6th Sunday in Ordinary Time (Fr. Francis)

by | Feb 23, 2020

God revealed His laws to His Chosen People through Moses and the prophets in the Old Testament, and through His own Son, Jesus, in the New Testament. Today He challenges us to choose freely either to observe the laws He gave to us or not. Yes they are heavy, but his salvation awaits those who choose them with courage.

The book of Sirach (Ecclesiasticus) was written by Ben Sirach (Sage) to his co-diaspora Jews who were struggling with the Hellenistic cultural influence (Athenian-Greece); Pagan cosmopolitan community who care less about religious values. And there was a diffused belief that humans are nothing but beings in the hands of the gods, in other words their actions are determined and controlled by the gods (this is an influence of stoic philosophy that held the doctrine of determinism-“man has no free-will. His actions are determined”). Ben Sirach writes to his fellow Jews that the Commandment the Lord has given them was out of love, and He has given them the free-will to choose either to act or not to act on the commandment. But more importantly, he affirmed that keeping the commandment attracts God’s blessing: “The eyes of the Lord are on those who fear Him…” (v.19).
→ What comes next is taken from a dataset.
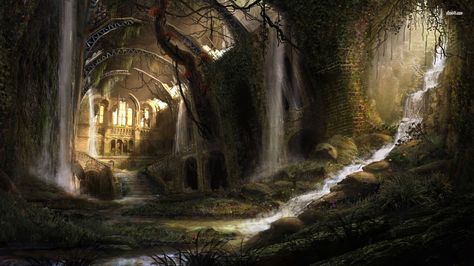 abandoned Medieval castle... if this doesn't conjure up a fantasy world of fairies nothing will Ruin Wallpaper, Waterfall Flowers, Fantasy Background, Castle Ruins, Background Images Wallpapers, Fantasy Pictures, Fantasy City, Fantasy Castle, Fantasy Places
Finally, Sirach counters the idea that the actions of men are determined by saying: “The Lord has not commanded any one to be ungodly, and He has not given any one permission to sin” (v.20).

In consonance with the wisdom book of Sirach in the first reading, Paul also exhorts the Christians living in the metropolitan city of Corinth to seek the wisdom of God against the rising influence of Greek philosophy; for God’s salvation cannot be understood through human reasoning but through the wisdom of God made manifest in Christ; “For what the eye has not seen, and the ear has not heard, nor the heart of man conceived, that is what God has prepared for those who love him” (v. 9).

In today’s gospel Matthew presents Jesus as a guarantor of the Law, and equally shows him as a perfection of the law: “I have come not to abolish the law but to fulfill it.” Matthew equally presents him as the “Eternal wisdom” of God due to his manner of teaching the Torah. That is, he was not just interpreting the Torah but he was teaching it with authority: “You have heard that it is said…but I tell you…” “I tell you, unless your righteousness exceeds that of the scribes and Pharisees, you will never enter the Kingdom of Heaven. The scribes and the Pharisees were notable for their strict observance of the Law. Hence, Jesus did not doubt their righteousness as related to this, but his problem with them is “the publicity and the showcasing of their righteousness.” Such tendency is to make the Law a thing of Pride and to attract public attention and praises; but then, Jesus speaks of the righteousness that springs from the heart (being truly righteous) and not righteousness in “the look” (appearance).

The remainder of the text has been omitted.